WHAT YOU NEED TO DO: Output a character-exact copy of the data, images removed.

GIVEN INFORMATION below:

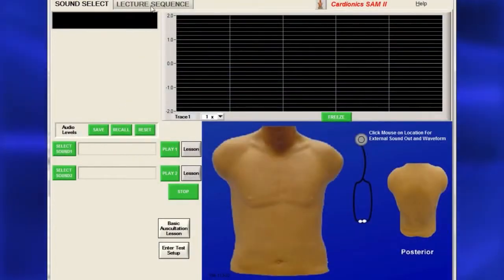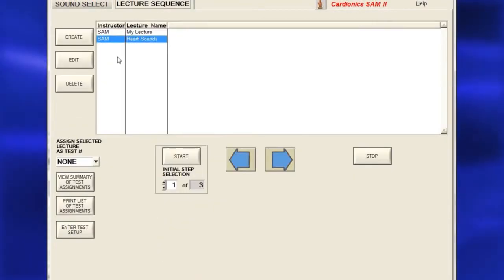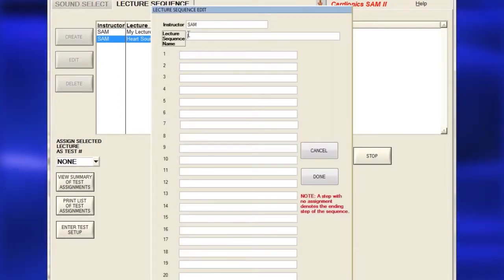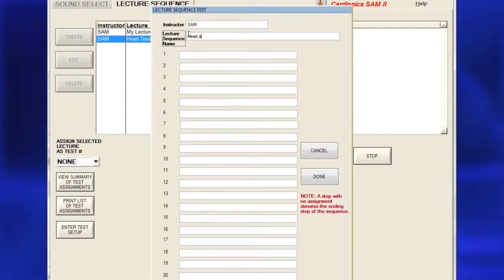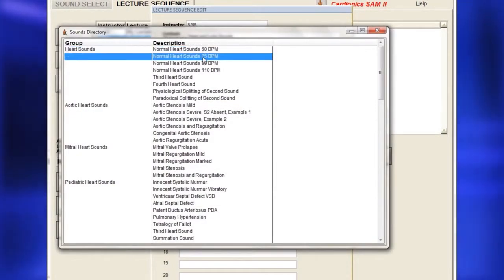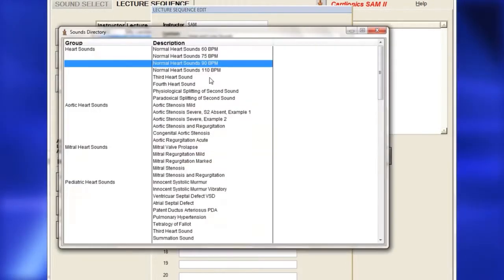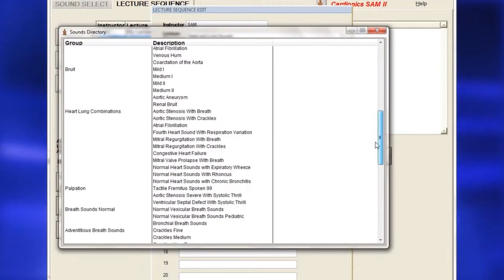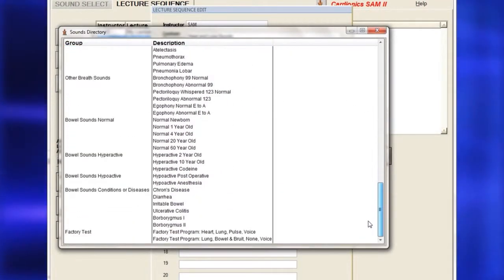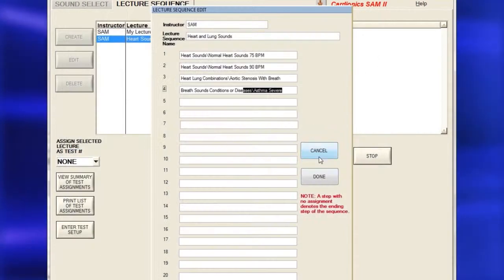To set up a lecture on the Lecture Sequence page, click Create to bring up the Create Lecture page. Enter the instructor's name, then the scenario or lecture name. Next, double-click on a sound number to open the sounds menu. Double-click on a sound title and wait a moment for the sound to fill in the selected sequence. When finished selecting sounds, click Done.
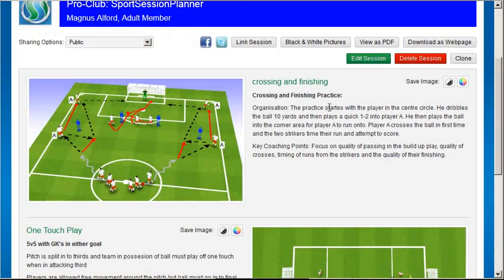If you later decide to remove your session from the public, anybody following your links will just be referred to the Sports Session Planner homepage.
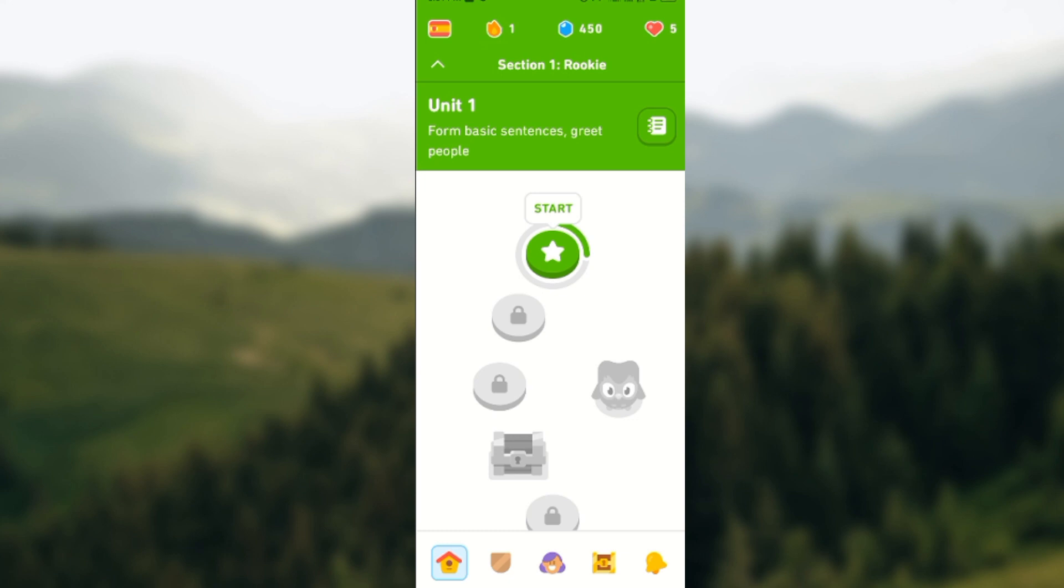So these are the ways that you can earn Lingots on Duolingo app. So do you want to earn Lingots on Duolingo app? Go to that app right now and start learning. Thanks for watching.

End of GIVEN INFORMATION.

RESPONSE BOX:
To set up a lecture on the Lecture Sequence page, click Create to bring up the Create Lecture page. Enter the instructor's name, then the scenario or lecture name. Next, double-click on a sound number to open the sounds menu. Double-click on a sound title and wait a moment for the sound to fill in the selected sequence. When finished selecting sounds, click Done.
If you later decide to remove your session from the public, anybody following your links will just be referred to the Sports Session Planner homepage.
So these are the ways that you can earn Lingots on Duolingo app. So do you want to earn Lingots on Duolingo app? Go to that app right now and start learning. Thanks for watching.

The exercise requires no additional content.